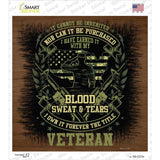 Blood Sweat Tears Veteran Green Novelty Square Sticker Decal Small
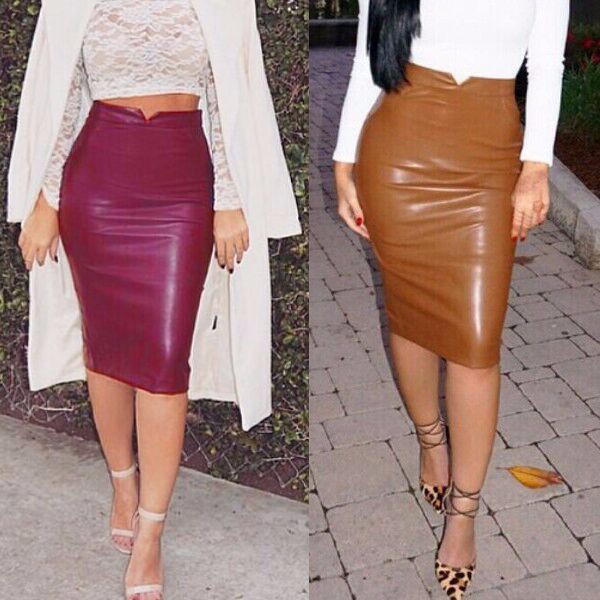 high waist leather skirt (1)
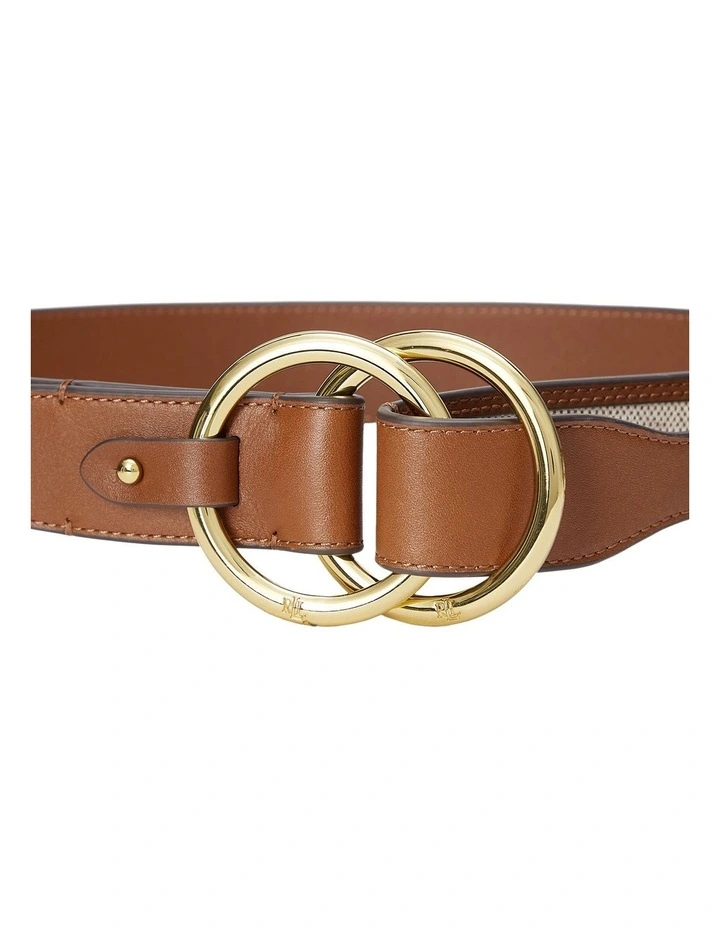 Canvas & Leather Bend-Back Belt in Beige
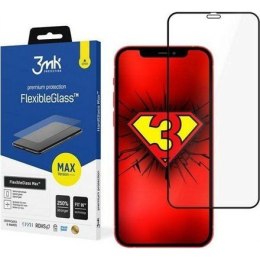 3MK FlexibleGlass Max For iPhone 12/12 Pro, FlexibleGlass, Black, Clear Screen Protector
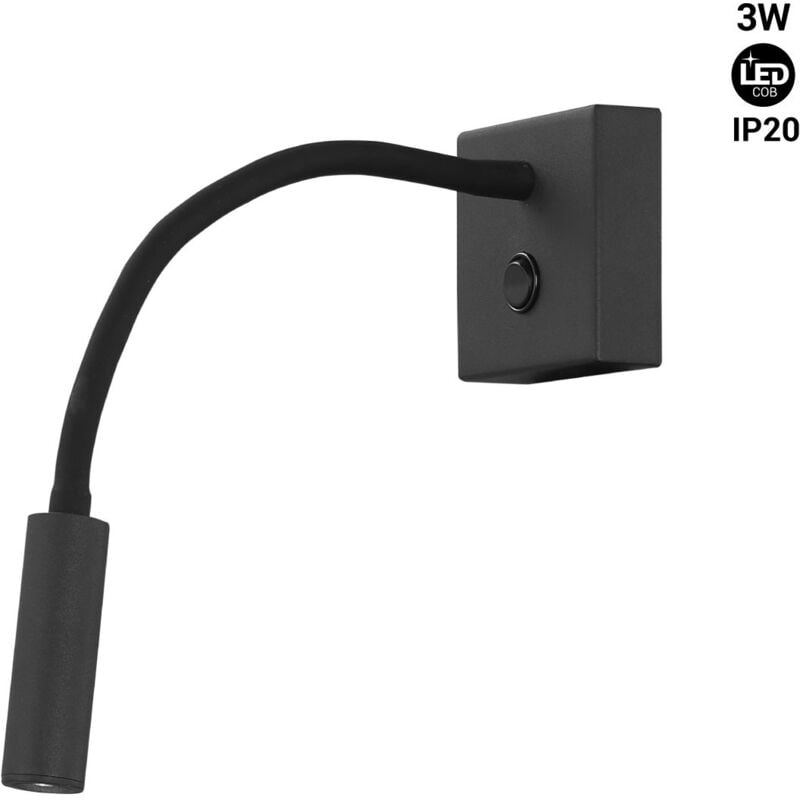 

Aplique de pared LED para lectura 'HALE' 3W | Negro
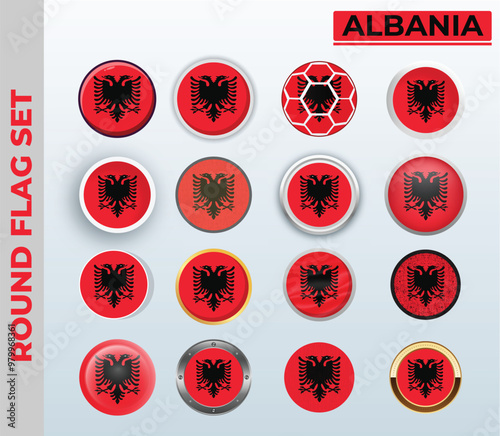 albania round flag Set with 16 Different Styles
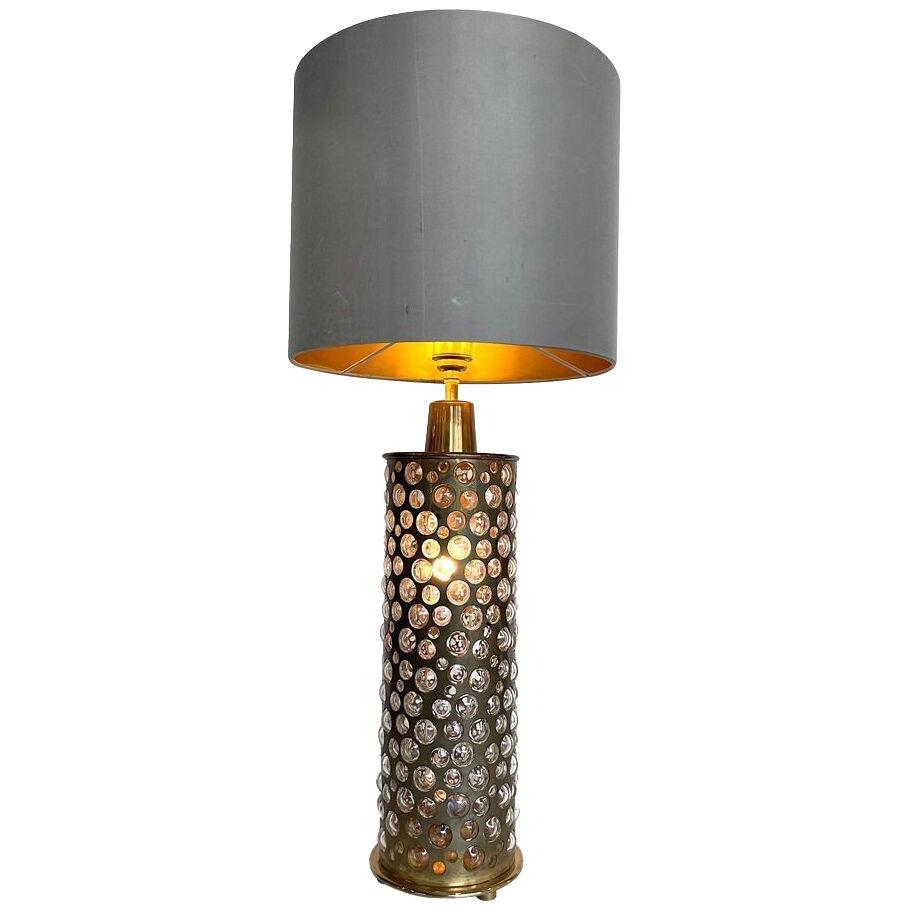 A rare 1960s glass and brass lamp by Rupert Nikoll with glass bubble base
________
• [WORK REQUEST] Give back an exact copy of only the lines from the one with "Aplique de pared" through the final line of the material, both included. Pictures do not belong in it.

• [PROBLEM SOLUTION]
Aplique de pared LED para lectura 'HALE' 3W | Negro
 albania round flag Set with 16 Different Styles
 A rare 1960s glass and brass lamp by Rupert Nikoll with glass bubble base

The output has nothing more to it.